Step 1: Create Monitoring User
We recommend creating a separate monitoring user on your PostgreSQL database for pganalyze.
Enabling pg_stat_statements
Connect to your database with cloudsqlsuperuser / alloydbsuperuser privileges (i.e. the initial user that was created on instance creation), e.g. using psql.
Run the following SQL commands to enable the pg_stat_statements extension, and make sure it was installed correctly:
CREATE EXTENSION IF NOT EXISTS pg_stat_statements;
SELECT * FROM pg_stat_statements LIMIT 1;Create monitoring user
You can either create a monitoring user manually using psql, or create a service account and use IAM authentication.
Connect to the database you will be monitoring, again as a user with cloudsqlsuperuser / alloydbsuperuser privileges. Then run the following to create a monitoring user (we’ve generated a random password for you, but you can replace it with one of your choosing):
CREATE USER pganalyze WITH PASSWORD 'mypassword' CONNECTION LIMIT 5;
GRANT pg_monitor TO pganalyze;
CREATE SCHEMA pganalyze;
GRANT USAGE ON SCHEMA pganalyze TO pganalyze;
GRANT USAGE ON SCHEMA public TO pganalyze;
If you enable the optional reset mode (usually not required), you will also need this helper method:
CREATE OR REPLACE FUNCTION pganalyze.reset_stat_statements() RETURNS SETOF void AS
$$
/* pganalyze-collector */ SELECT * FROM public.pg_stat_statements_reset();
$$ LANGUAGE sql VOLATILE SECURITY DEFINER;Then, connect to each database that you plan to monitor on this server as a superuser (or equivalent) and run the following to enable the collection of additional column statistics and extended statistics:
CREATE SCHEMA IF NOT EXISTS pganalyze;
GRANT USAGE ON SCHEMA pganalyze TO pganalyze;
DROP FUNCTION IF EXISTS pganalyze.get_column_stats;
CREATE FUNCTION pganalyze.get_column_stats() RETURNS TABLE(
schemaname name, tablename name, attname name, inherited bool, null_frac real, avg_width int, n_distinct real, correlation real
) AS $$
/* pganalyze-collector */
SELECT schemaname, tablename, attname, inherited, null_frac, avg_width, n_distinct, correlation
FROM pg_catalog.pg_stats
WHERE schemaname NOT IN ('pg_catalog', 'information_schema') AND tablename <> 'pg_subscription';
$$ LANGUAGE sql VOLATILE SECURITY DEFINER;
DROP FUNCTION IF EXISTS pganalyze.get_relation_stats_ext;
CREATE FUNCTION pganalyze.get_relation_stats_ext() RETURNS TABLE(
statistics_schemaname text, statistics_name text,
inherited boolean, n_distinct pg_ndistinct, dependencies pg_dependencies,
most_common_val_nulls boolean[], most_common_freqs float8[], most_common_base_freqs float8[]
) AS
$$
/* pganalyze-collector */ SELECT statistics_schemaname::text, statistics_name::text,
(row_to_json(se.*)::jsonb ->> 'inherited')::boolean AS inherited, n_distinct, dependencies,
most_common_val_nulls, most_common_freqs, most_common_base_freqs
FROM pg_catalog.pg_stats_ext se
WHERE schemaname NOT IN ('pg_catalog', 'information_schema') AND tablename <> 'pg_subscription';
$$ LANGUAGE sql VOLATILE SECURITY DEFINER;Note: We never collect actual table data through this method (see the NULL values in the get_column_stats function and omitted fields like most_common_vals in the get_relation_stats_ext function), but we do collect statistics about the distribution of values in your tables. You can skip creating the get_column_stats and get_relation_stats_ext helper functions if the database contains highly sensitive information and statistics about it should not be collected. This will impact the accuracy of Index Advisor recommendations.

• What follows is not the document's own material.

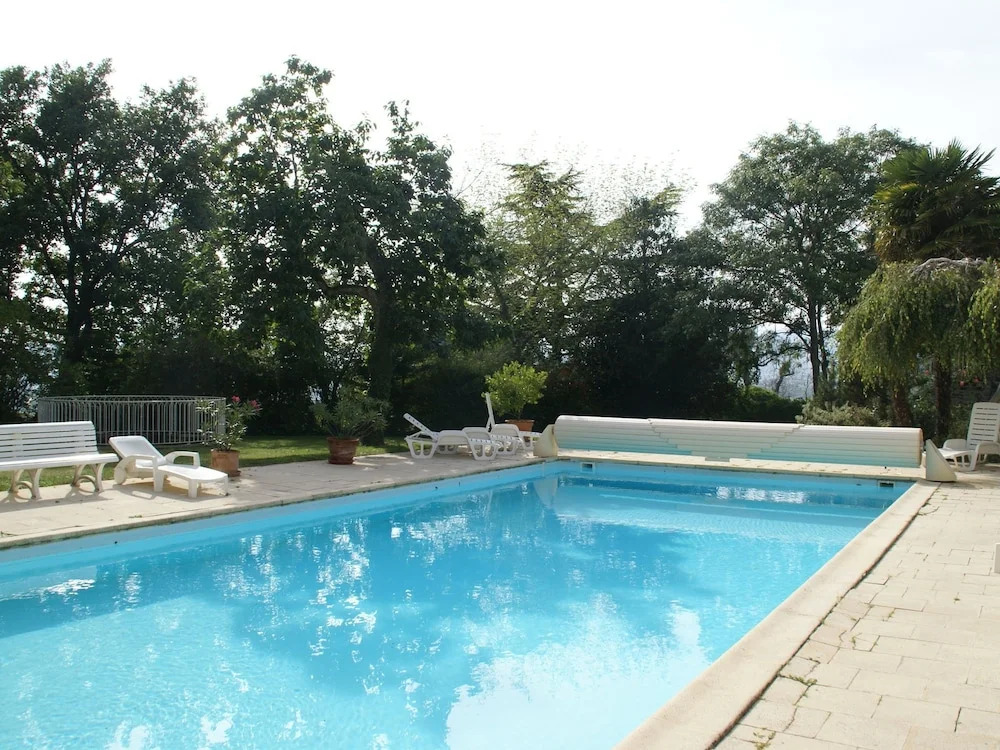 Premium Apartment in Saint-clair With Terrace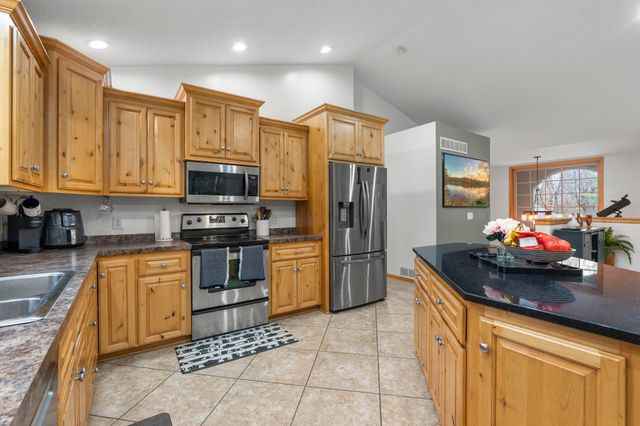 11384 269th Avenue NW, Zimmerman, MN 55398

Note that it is important you run these as a user with cloudsqlsuperuser / alloydbsuperuser privileges in order to pass down the full access to statistics tables.
Verify connection
Let’s make sure we can connect to the database with the new user:
PGPASSWORD=mypassword psql -h 1.2.3.4 -d mydatabase -U pganalyzeWrite down the username and password of the monitoring user, we will use it in the last step of this guide.
Create a service account for monitoring user
Cloud SQL and AlloyDB support IAM database authentication, which allows users to connect to the database using Google Cloud IAM credentials instead of traditional passwords. This means you can use a service account as a monitoring user.
First, create a new service account with the ID “pganalyze”, and set the following two roles in the case of Cloud SQL:
- Cloud SQL Client (
roles/cloudsql.client)- Provides connectivity access to Cloud SQL instances
- Cloud SQL Instance User (
roles/cloudsql.instanceUser)- Role allowing access to a Cloud SQL instance
Or the following roles in case of AlloyDB:
- Cloud AlloyDB Database User (
roles/alloydb.databaseUser)- Provides connectivity access to AlloyDB clusters
- Service Usage Customer (
roles/serviceusage.serviceUsageConsumer)- Provides the user access to an API that checks permissions
The email address pganalyze@your-project-id.iam.gserviceaccount.com will be given to this service account.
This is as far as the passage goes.